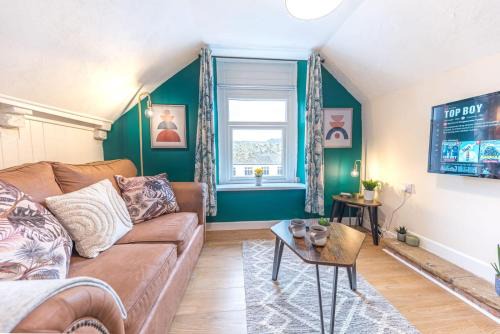 Whitehaven Apartment | Queen Street Apartments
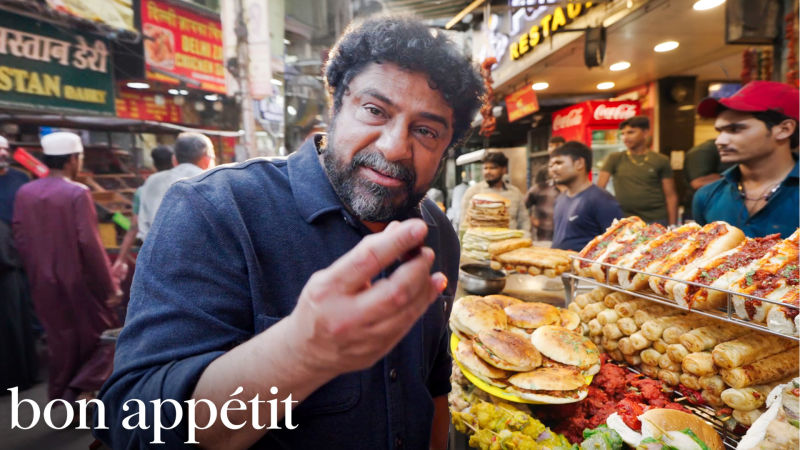 This Mumbai Market is the World’s Busiest Street Food Destination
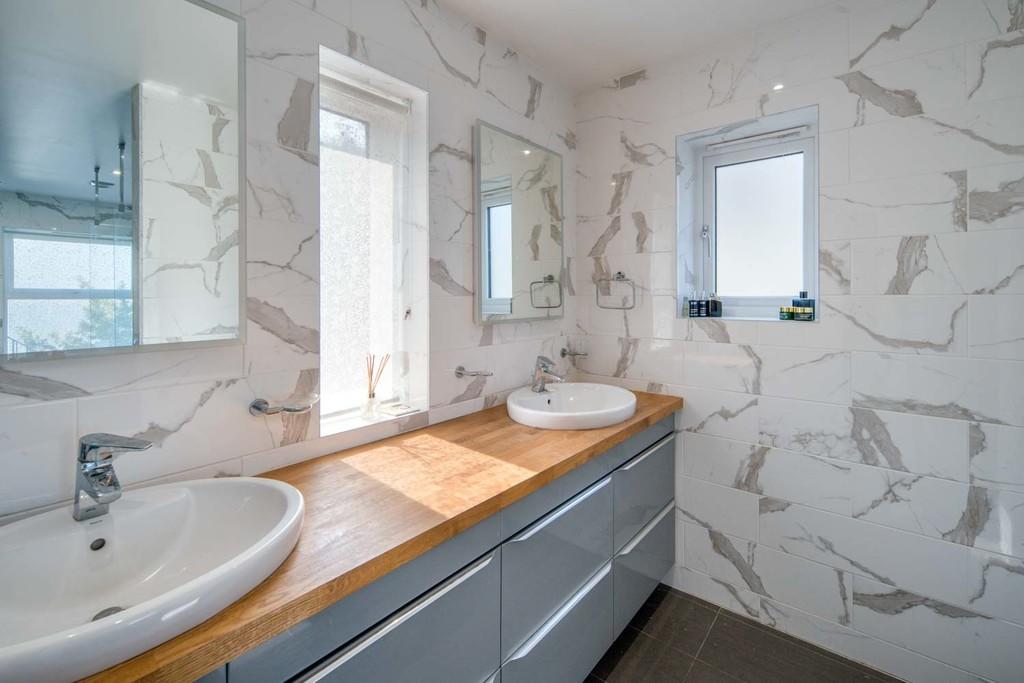 En-Suite to Bedro...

==*==

Minus its pictures, the full listing should be copied verbatim.

 Whitehaven Apartment | Queen Street Apartments
 This Mumbai Market is the World’s Busiest Street Food Destination
 En-Suite to Bedro...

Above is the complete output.